“Değerlilik” ve “yeterlilik” duyguları ancak çocuğun temel güçlerine ve temel özgürlüklerine yeterince saygı gösterilmesiyle gelişir. Çocuklar sevildiklerini ve değer verildiklerini ancak o zaman anlayabilirler. Çocukların doğasında olan yedi temel güç şunlardır: algılama, yorumlama, hissetme, arzulama, hayal etme, yaratıcılık ve sezgi gücü -önceki yazılarımdan okuyabilirsiniz.
7- Sezgi Gücü:
Hepimizin bildiği beş duyumuz var: işitme, görme, dokunma, koklama ve tat alma. Bu duyular da çevremizi algılamamızı sağlıyor ve hepsi de madde ile ilgili. Lakin bazen hepimiz bu duyuların dışına çıkarak farklı bir algılama yaşıyoruz; az veya çok hepimizde var bu özellikler. Gördüğümüz her şey fotoğraf makinası, duyduğumuz her şey ses kayıt cihazı gibi kayıt olur. Bunların çok azını bilinçli zihnimiz hatırlar. Algıladığımız her şey bilinçaltında kayda geçer. Bilinçaltı yaşadığımız her şeyi kaydeder ve yaşanmışlıklara dayanan programlar geliştirerek bizi, kişiliğimizi ve yaşamımızı etkiler. Yaşadığımız travmalar, duygusal incinmeler, hayal kırıklıkları ve diğer tüm negatif anılar, bizi baltalayan korkular şeklinde bilinçaltına yerleşir.
Sezgi bilginin veya bir etkinin duyularımızla herhangi bir bağlantı kurmadan, direk algılanması ve idrak edilmesidir. Beynimizdeki bağımsız algılama merkezi sadece insan beyninden yayılan elektriksel dalgaları değil, çeşitli doğa olaylarının meydana getirdiği elektromanyetik enerji dalgalarını da algılar.
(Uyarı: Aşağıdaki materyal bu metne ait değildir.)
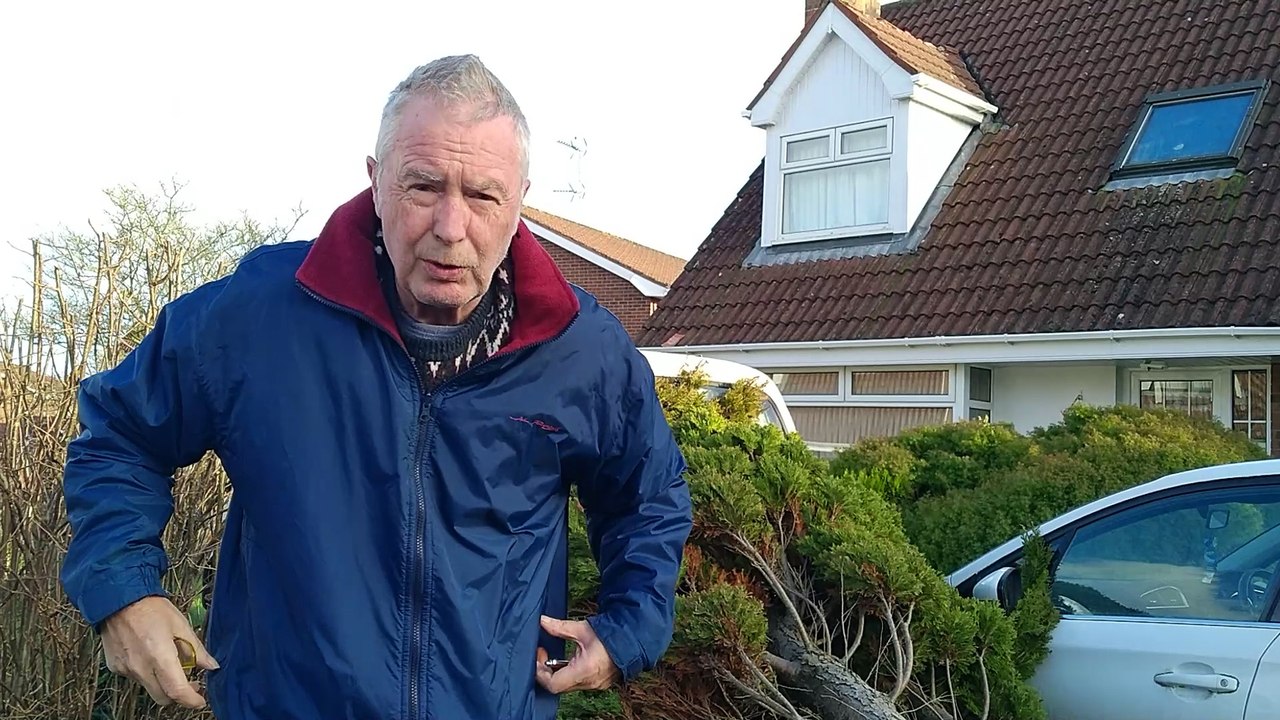 VID20250124140834 Damage done to my property and Garden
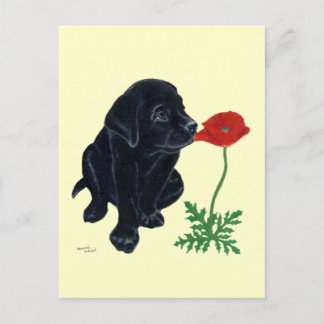 ブラックラブラドール子犬 ポストカード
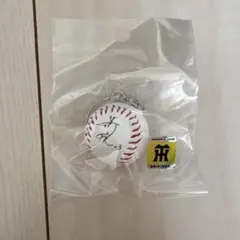 阪神タイガース ボール型キーホルダー 岩崎優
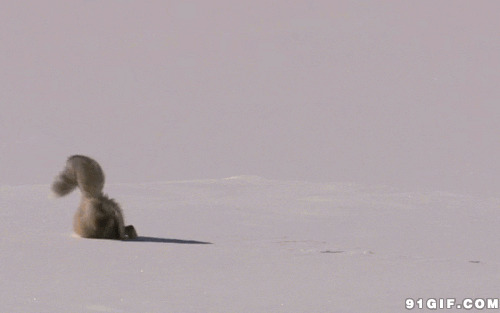 雪地的狼动态图:跳跃,雪地,野狼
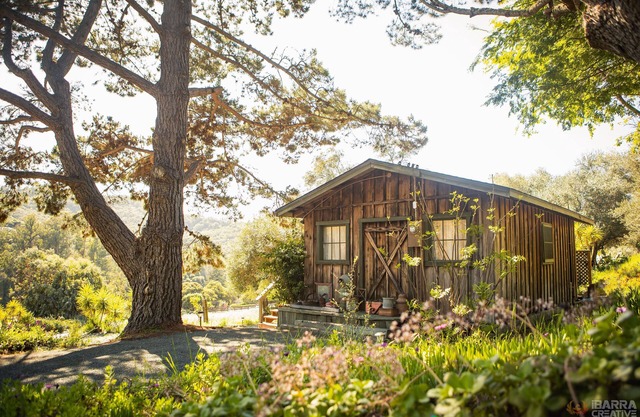 Venez vous détendre à la cabane de l'olivier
Sezgi bilinçaltımızda birikmiş verilerin bize yaptığı uyarıdır. Böylece olacaklar “içimize doğar”
Çoğu kişi bilinçli zihnin ‘sınırlı’ verilerine güven duyar; ama bilinçaltının ‘sınırsız’ verilerine kulağını tıkar. Bu kulak tıkama ebeveynlerin yanlış yaklaşımları ile başlar ve çocuklar sezgilerini dinlemekten vazgeçer.
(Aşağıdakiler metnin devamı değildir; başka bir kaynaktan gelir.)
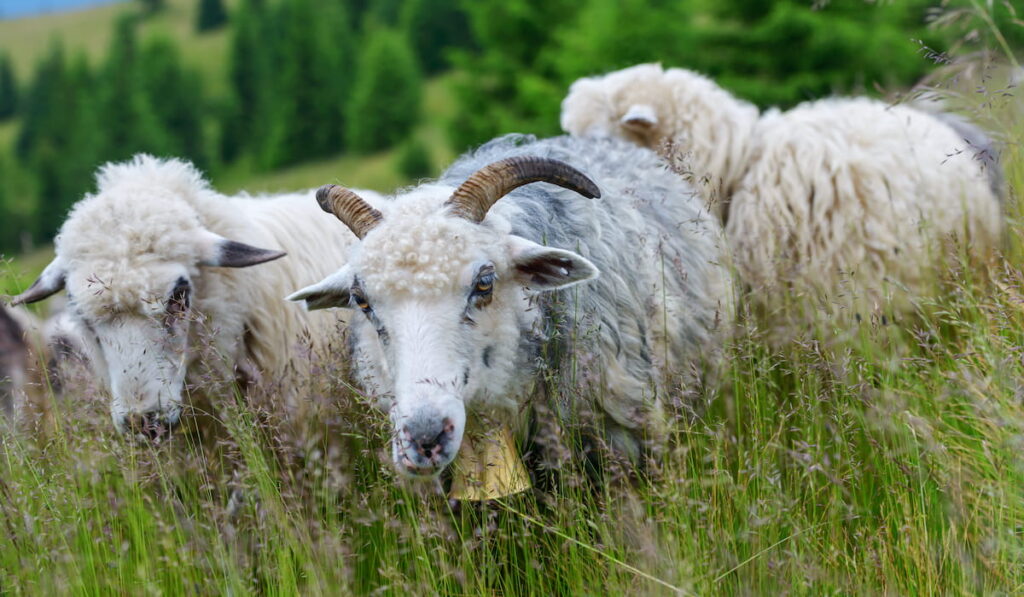 three sheeps 
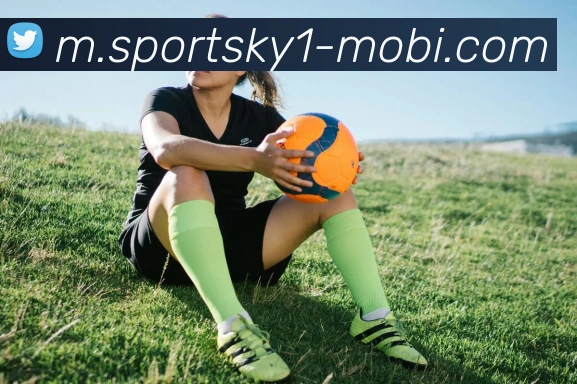 开云体育服务体系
Türk toplumu olarak hurafelere inanıyoruz ama tuhaftır sezgilerimize inanmıyoruz.
Çocukların açıklayamadıkları tedirginliklerini dikkate almayan ebeveynler, çocuklarını ikna etmeye çalışırlar ve çocuklar böylece sezgilerini güvenmemeyi öğrenirler. Çocuk ısrarla bir yere gitmek istemiyorsa, onun sezgilerini dikkate alın -tabii sezgi ile korkunun birbirine karışmadığından emin olduktan sonra.
Sezgi gücü, günlük tutma alışkanlığı ve sezgi gücüne saygı duyulması ile gelişir.
Arzu ile sezgiyi karıştırmamalıyız. Hatırlamamız gerekir ki olması gereken şey, olmasını istediğimiz şey olmayabilir.
Yedi temel güçlerine saygı ile yetiştirilmiş özgüvenli bir nesil için elimizden geleni yaparak, ebeveynlerimizin bize veremediğini biz kendimize verebiliriz.